Sunday, July 31, 2005
Saturday, July 30, 2005
GTA SA AO OK
Why are all the issues raised and dealt with far more eloquently and intelligently in other blogs?
Oh well, San Andreas has been banned from Australia, with some over-reacting old bat filing a lawsuit in the States, over the fact you can modify it to show explicit sex scenes. Because the woman bought it for her 14-year-old grandson.
Is it called 'Super Fun Happy Driving'? No, it's Grand Theft Auto. Grand Theft is a felony crime of an object that exceeds a given value. A felony is defined as a "very serious" crime.
What can we gather from this title?

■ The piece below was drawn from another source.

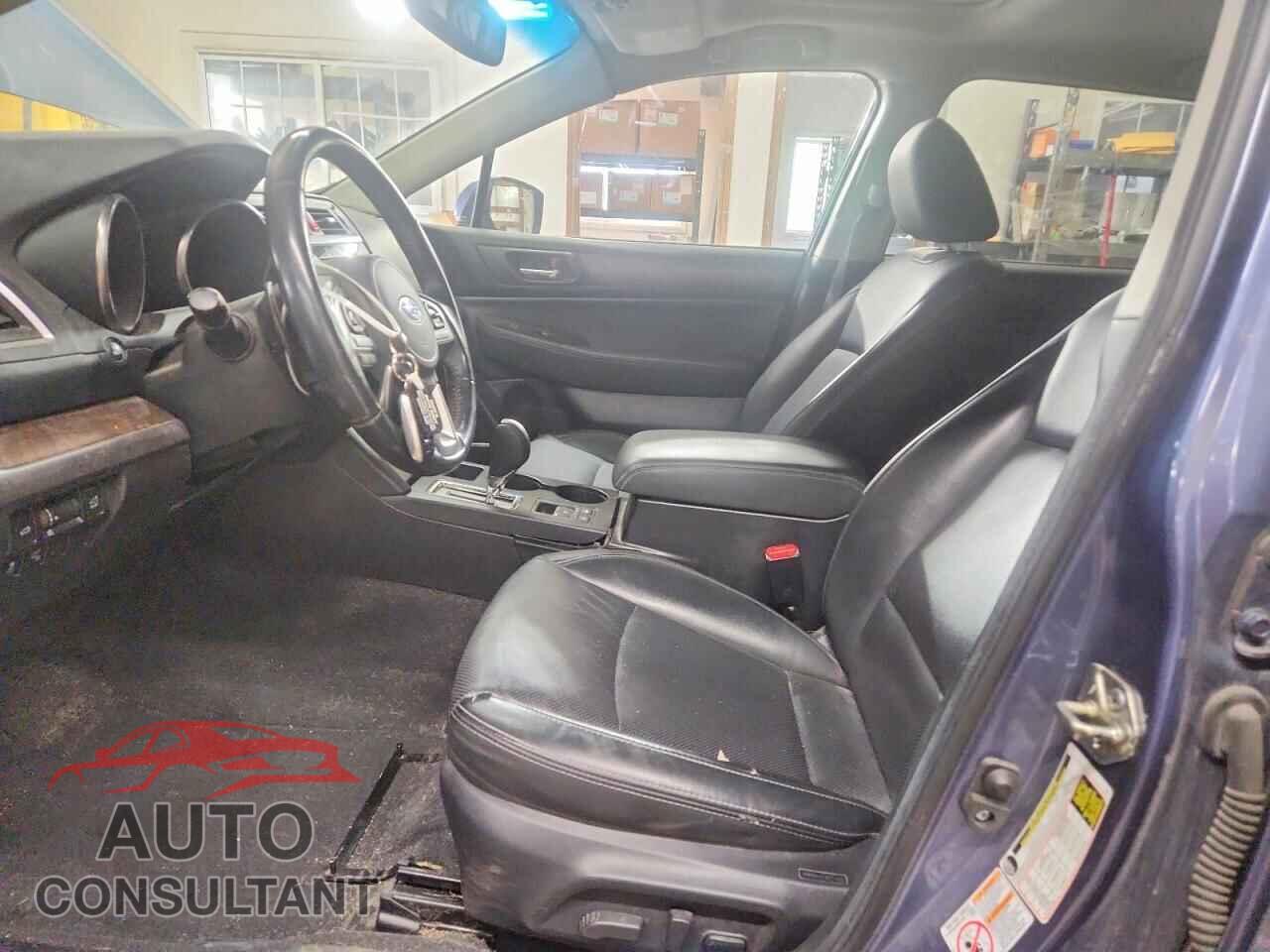 SUBARU OUTBACK 2015 - 4S4BSBLC7F3355139
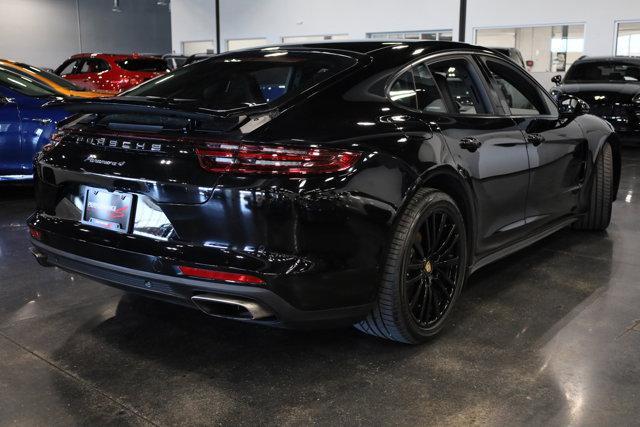 used 2018 Porsche Panamera car, priced at $52,490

It would imply that the game may entail commiting a very serious crime of an expensive item, ie: a vehicle of some description.
But the game doesn't stop there, there were already in the game:
- implied sexual scenes, with muffled moaning
- a reward system for murder
- a reward system for not getting caught commiting said murder (avoid police)
- a multitude of weapons to beat/bludgeon/stab/slit-the-throat-of/shoot others
- lots of blood and gore
- encouraged violence against police
- 'using' a relationship with someone for personal gain (the 'girlfriend' aspect of the game)
- sex toys
- discussion of said sex toys, ie: 'I find a double-ender has more usage'
- sado-masocistic den, gimp references
- nipples-covered g-string nudity
- the following words spoken: cunt, shit, fuck, Whoa Jesus, bitch, Ah Christ, Oh my God, nigga (and other racial slurs), fucking prick, whore, dickhead, "you mother-fucking piece of shit gang-banging cock-sucker", assholes, tits, breast implants (but not fag, poof, or homo.. how PC of them)
- drug references (dope fiends, Crack Dens, etc)
- glorification of gangsters/mafia
- rewarding the use of prostitutes
- gambling rewarded and encouraged, including horse racing, black-jack, poker and slot machines
- probably more, this is just the list of things I noticed
Is sex the greatest evil in the world? Or more to the point, is pixelated suggested sex, without rendered genitals going to be anything more that giggle-worthy, or shock horror, educational? Perhaps all mating animals/insects should be exterminated, so we live in a pure world of only friggin lady beetles, just in case those with curious minds see breeding and ask questions we don't want to answer. Like "why are those two bugs stuck together?" "Why is fido hugging my leg?" or "where did I come from? Tim says the cabbage patch thing is full of shit and people fuck and then it happens? (to use some adopted GTA lingo)"
However, it's not all bad, I would encourage any actions that hinders 'these kinds of people' from learning how to breed.
Thursday, July 28, 2005
Me
I am a little worried I might be a latte left, so I thought I'd run myself through "Aleks' 8 Step Latte-Left Test(C)2005"
1. People who claim to care about the environment, but own a car and drive it to
work/uni because it would take them 10 minutes longer to get there by public
transport.
Ahh. I would take public transport to work, but it just isn't practical from where I am. I did get my license late, and only then it was because I was taking 2.5 hours to get to TAFE, bus-train-bus, and it would be similar to get to work. But, I've been pondering two options for quite a while now - a biodiesel car, or an electric bicycle. So, technically I'd say I've passed that one.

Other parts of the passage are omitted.